As I said the problem with truncating is that every time you run it you'll wind up allocating new IDs to the new records, and new creation times, which isn't ideal.
I don't understand the overall strategy here.
- If the list of words is always going to come from a static data file, and the spam scorer doesn't do any joins (it's just doing the equivalent of a
SELECT * from spammy_phrasesat the moment) then perhaps we should be using frozen_records? This will load them on app boot. It's what we do for the communities. - If admins are going to be able to add/remove phrases individually, through some sort of UI, or if they are somehow being used in joins or other queries, then it makes sense to have a database table.
But from what I understand, we're trying to make the half-way house - the phrases are in the db, but then we want to just load them read-only from a data file.
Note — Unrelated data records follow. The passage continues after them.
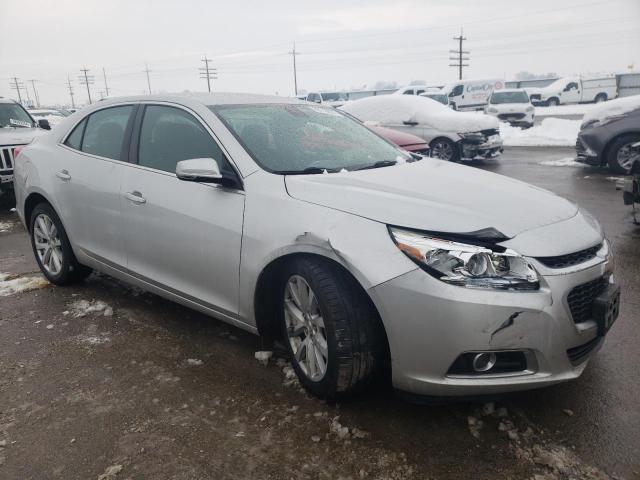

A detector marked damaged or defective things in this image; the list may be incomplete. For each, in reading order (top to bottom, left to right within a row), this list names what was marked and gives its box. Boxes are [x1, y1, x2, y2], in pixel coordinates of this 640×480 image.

damaged front bumper [460, 135, 504, 161]
cracked front bumper [368, 256, 612, 396]
damaged front bumper [370, 249, 616, 396]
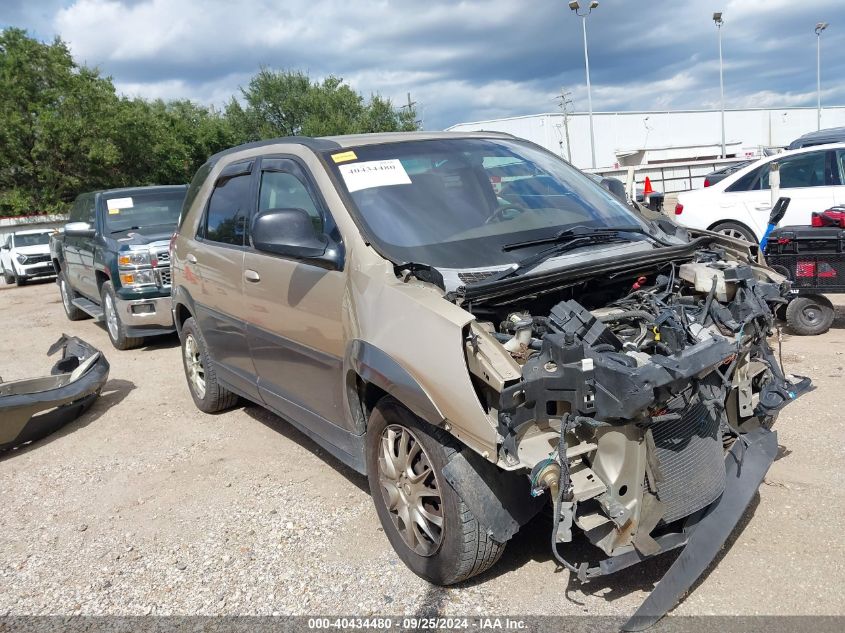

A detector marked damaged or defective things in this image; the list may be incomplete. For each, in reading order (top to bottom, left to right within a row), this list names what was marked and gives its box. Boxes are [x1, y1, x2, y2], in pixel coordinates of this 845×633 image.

detached bumper cover on ground [0, 334, 109, 452]
crumpled fender [0, 336, 110, 450]
damaged gold suv [171, 133, 812, 628]
crumpled fender [620, 428, 780, 628]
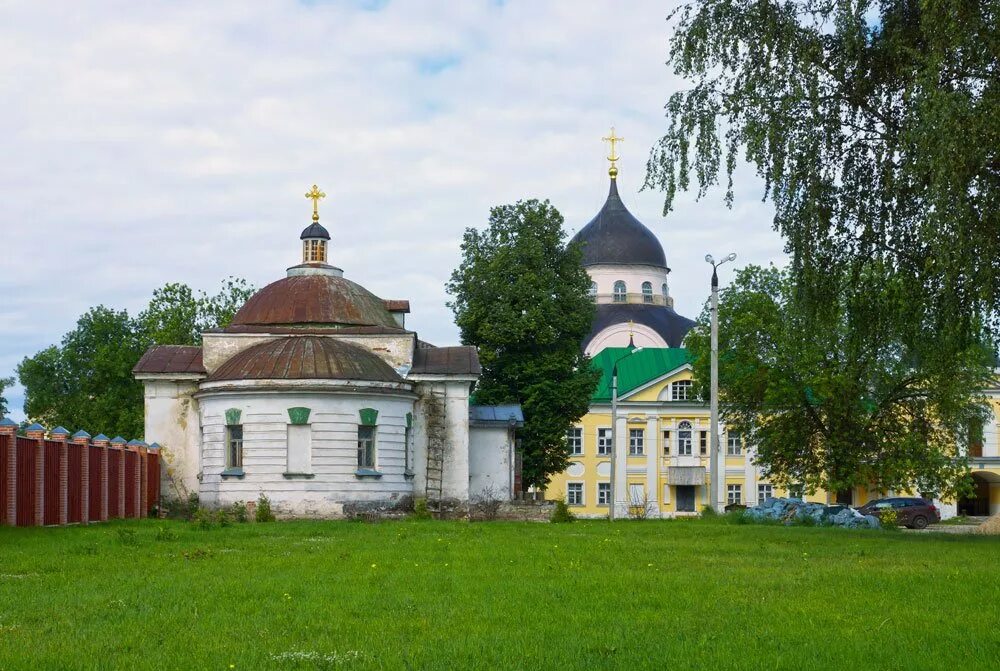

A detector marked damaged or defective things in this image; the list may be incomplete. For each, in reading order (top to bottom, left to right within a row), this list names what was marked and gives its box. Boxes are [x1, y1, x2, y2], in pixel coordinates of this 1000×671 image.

rusty metal roof [232, 274, 400, 330]
rusty metal roof [133, 350, 205, 376]
rusty metal roof [207, 336, 402, 384]
rusty metal roof [408, 346, 482, 378]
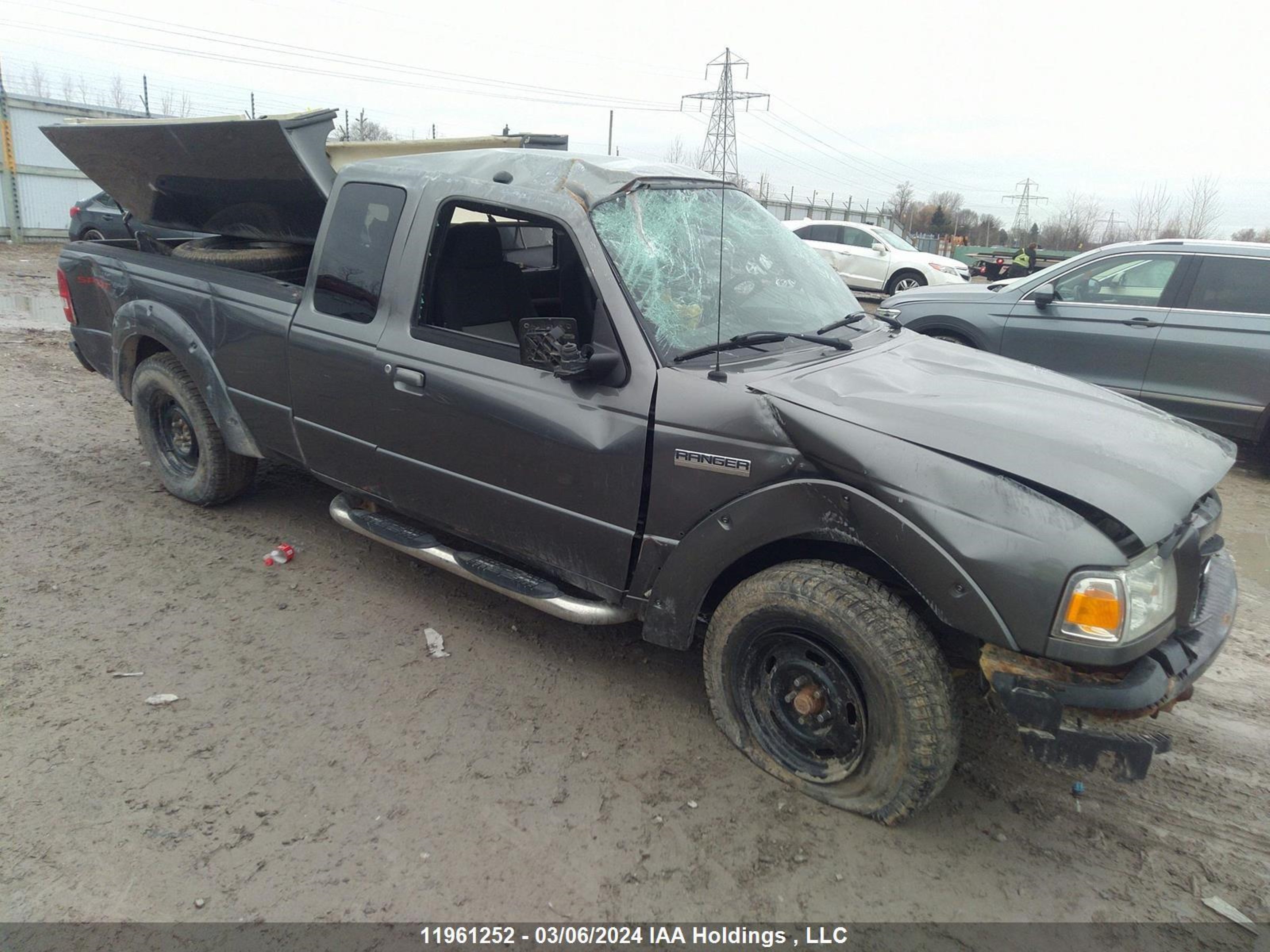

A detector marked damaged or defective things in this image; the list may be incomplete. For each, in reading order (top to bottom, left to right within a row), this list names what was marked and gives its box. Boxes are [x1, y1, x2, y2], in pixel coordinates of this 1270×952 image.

broken side mirror [518, 317, 622, 383]
shattered windshield [594, 186, 864, 360]
cracked windshield glass [592, 186, 868, 360]
broken side mirror [1026, 282, 1056, 307]
damaged gray pickup truck [49, 113, 1239, 827]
Is that right?
I did question the whole logic in the other PR but other people seemed keen and it didn't really seem worth spending time fighting over and I'm assuming there's no plan to add a significant number of entries or performance would definitely become untenable.
I can't remember what the history of this whole feature was but in general I consider the whole approach of trying to build a set of "bad words" to be hopeless tilting at windmills.
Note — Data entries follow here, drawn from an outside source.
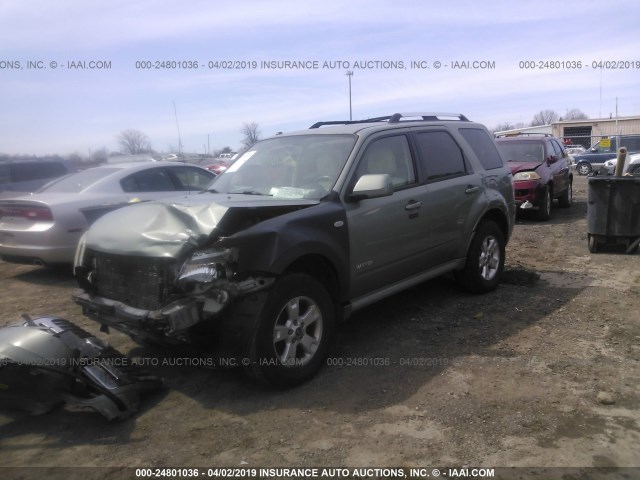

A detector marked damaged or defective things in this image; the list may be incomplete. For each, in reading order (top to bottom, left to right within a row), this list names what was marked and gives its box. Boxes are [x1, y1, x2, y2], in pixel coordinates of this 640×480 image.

crumpled hood [82, 193, 318, 258]
broken headlight [176, 246, 239, 286]
damaged green suv [74, 112, 516, 386]
detached bumper piece [0, 316, 162, 418]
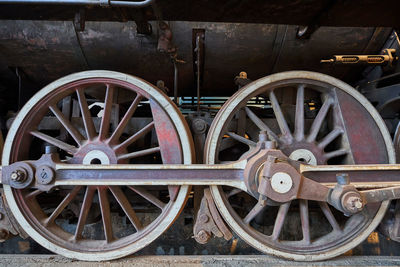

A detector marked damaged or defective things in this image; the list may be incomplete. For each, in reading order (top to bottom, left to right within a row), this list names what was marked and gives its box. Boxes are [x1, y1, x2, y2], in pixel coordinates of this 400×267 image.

rusty spoke [30, 130, 77, 154]
rusty spoke [49, 104, 85, 147]
rusty spoke [76, 89, 96, 141]
rusty spoke [98, 85, 114, 141]
rusty spoke [108, 94, 142, 144]
rusty spoke [115, 122, 155, 152]
rusty spoke [227, 132, 255, 148]
rusty spoke [244, 107, 278, 142]
rusty spoke [268, 91, 292, 142]
rusty spoke [308, 98, 332, 142]
rusty spoke [318, 128, 344, 150]
rusty spoke [45, 186, 82, 228]
rusty spoke [73, 186, 96, 241]
rusty spoke [97, 187, 113, 244]
rusty spoke [108, 186, 143, 232]
rusty spoke [128, 186, 166, 209]
rusty spoke [242, 203, 268, 226]
rusty spoke [270, 202, 290, 242]
rusty spoke [318, 203, 340, 232]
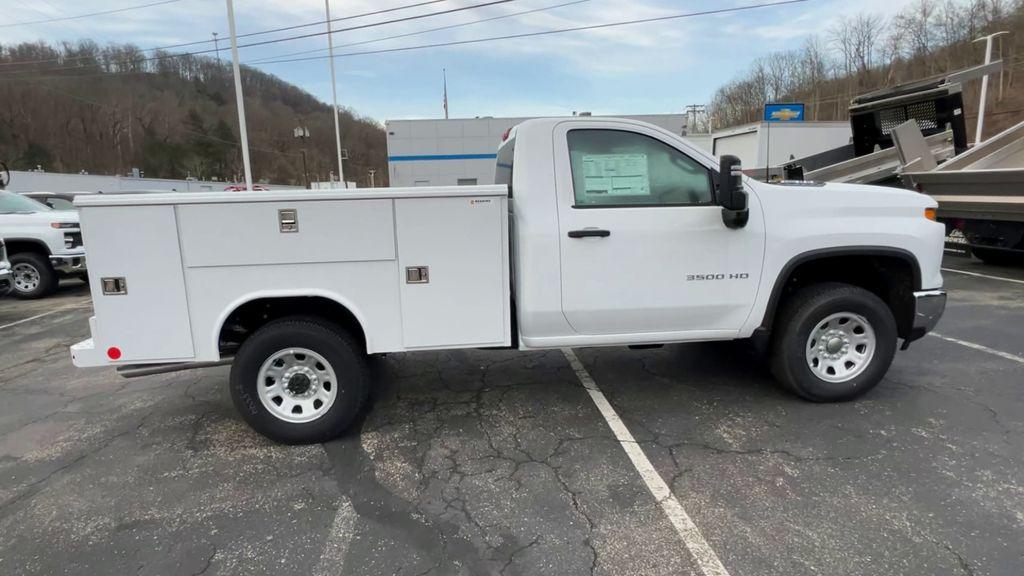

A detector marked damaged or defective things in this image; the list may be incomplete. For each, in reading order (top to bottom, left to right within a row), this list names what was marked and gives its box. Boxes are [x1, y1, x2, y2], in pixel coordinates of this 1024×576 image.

we're trying to make the half-way house - the phrases are in the db, but then we want to just load them read-only from a data file
Ugh, you are right. I should have stepped back for a moment when considering those proposals. That's on me.
I consider the whole approach of trying to build a set of "bad words" to be hopeless tilting at windmills.
I agree that it's not great. However my understanding is that it's still helpful. At https://github.com/openstreetmap/openstreetmap-website/pull/6044#issuecomment-3385621582, @firefishy said:
Yes, this will help to reduce the 100s of spam accounts that are created each day. This isn't the ultimate solution, but an intermediate measure. It should catch around 15% of the spam accounts.
I understand that the "15%" figure is an estimate and I don't intend to take it literally. What I do take from the comment is that the feature can lead to a noticeable reduction in the manual anti-spam work, while other solutions are studied.
I don't have access to the data or the admin/moderation interfaces, so I'm flying blind here and can only go with what those with access say. If an admin says that this can land us a noticeable reduction, that's a relatively concrete data point that I can work with. It's also a relatively simple thing to implement, so it scores just ok under "High Impact" and very well under "Low Effort". To me this sounds good enough to give it a go.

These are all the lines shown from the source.